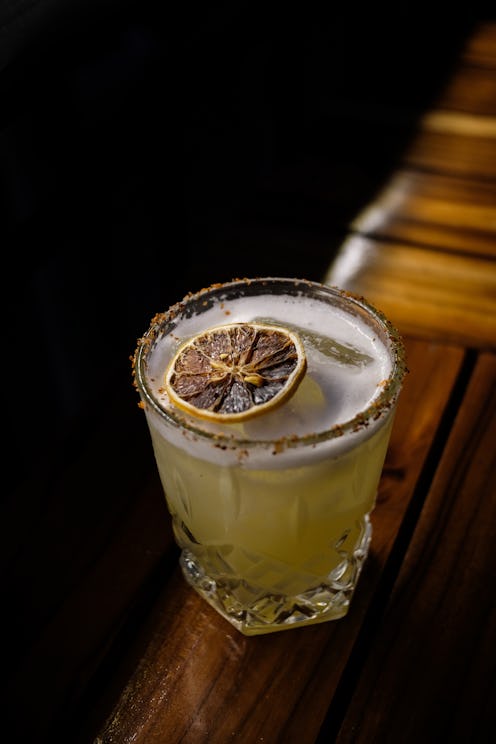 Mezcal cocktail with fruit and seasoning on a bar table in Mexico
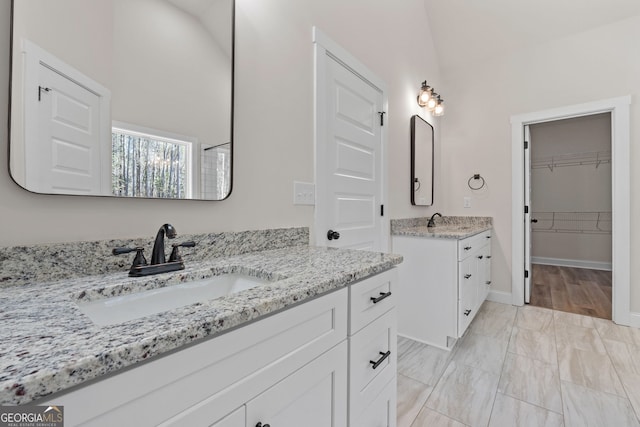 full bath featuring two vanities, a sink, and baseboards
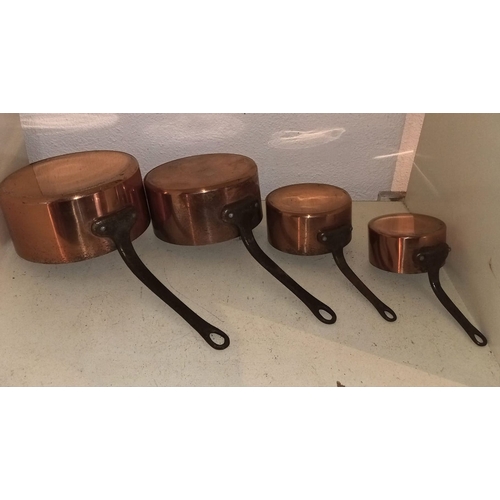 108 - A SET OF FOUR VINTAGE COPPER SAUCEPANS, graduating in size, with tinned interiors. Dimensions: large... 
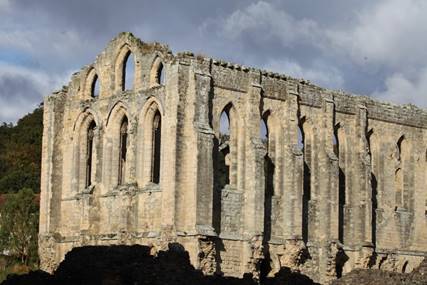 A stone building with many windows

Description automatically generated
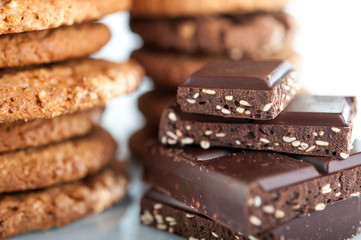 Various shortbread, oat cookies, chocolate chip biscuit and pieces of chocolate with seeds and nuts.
§
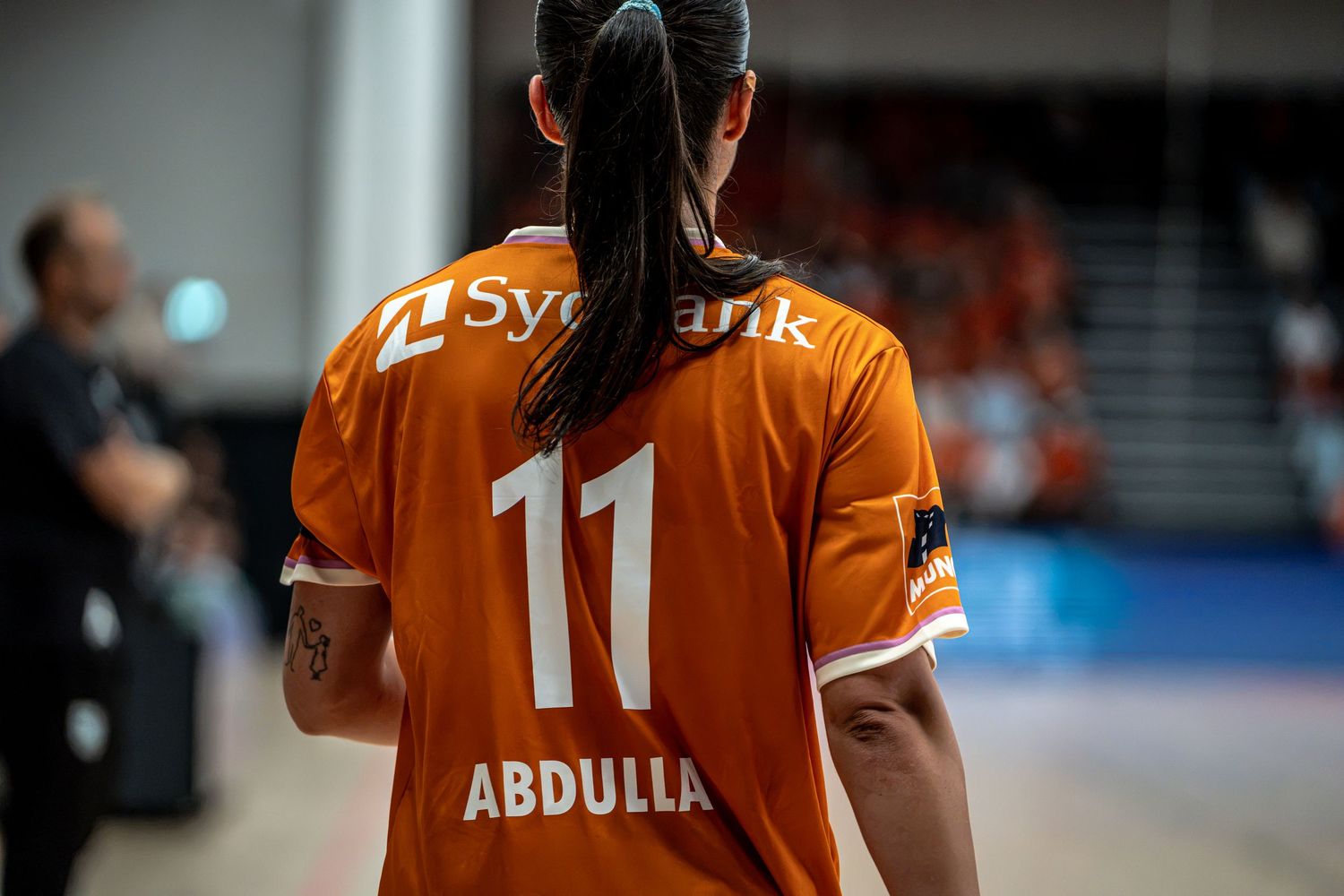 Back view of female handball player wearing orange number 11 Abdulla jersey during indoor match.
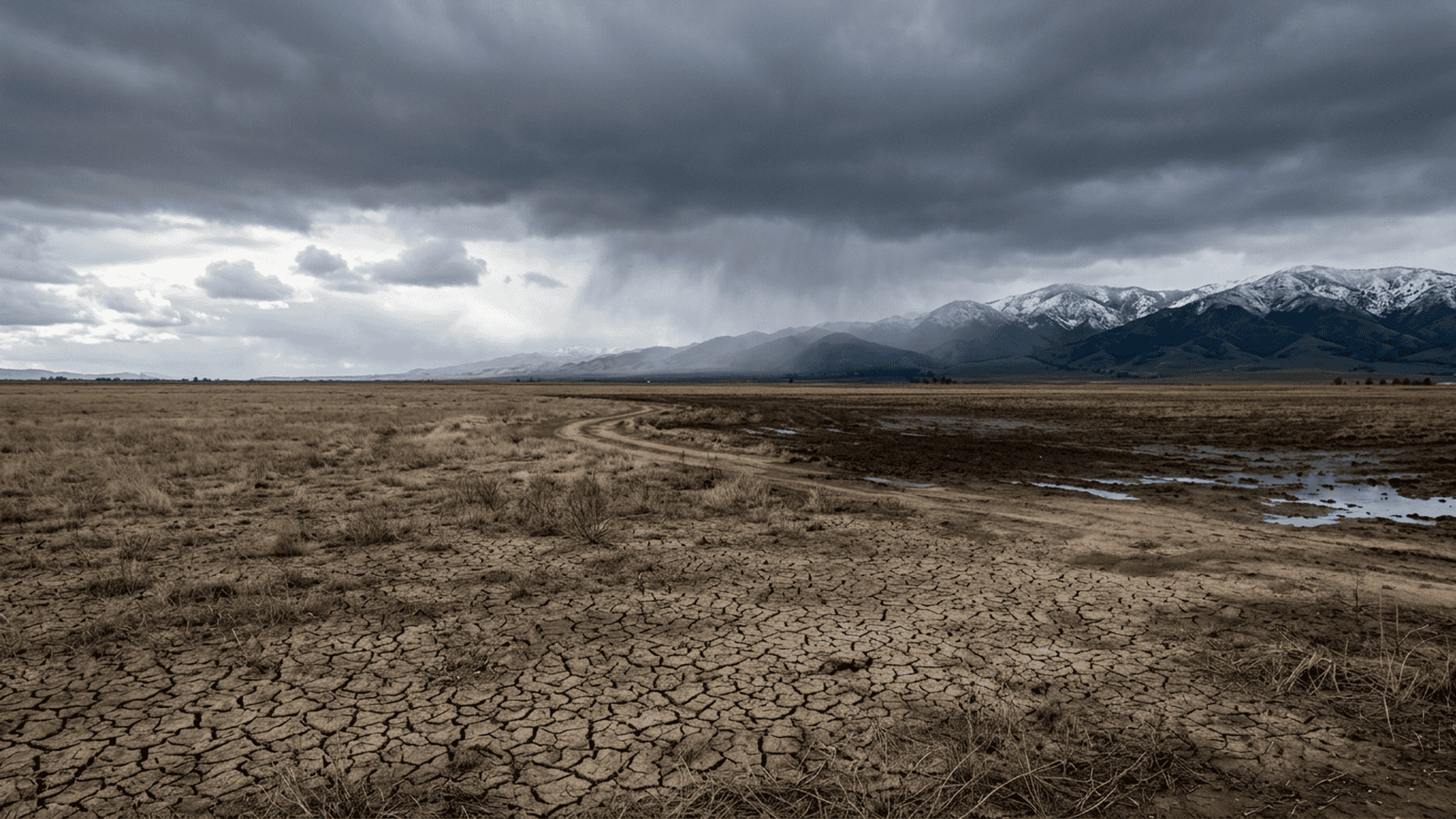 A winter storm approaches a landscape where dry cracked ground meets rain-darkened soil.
§
▶ TASK ITEM:
Leave the pictures out, and transcribe exactly the lines above starting at the one that contains "Mezcal cocktail with" and ending at the one that contains "Description automatically generated".

▶ SOLUTION TO THIS EXERCISE:
 Mezcal cocktail with fruit and seasoning on a bar table in Mexico
 full bath featuring two vanities, a sink, and baseboards
 108 - A SET OF FOUR VINTAGE COPPER SAUCEPANS, graduating in size, with tinned interiors. Dimensions: large... 
 A stone building with many windows

Description automatically generated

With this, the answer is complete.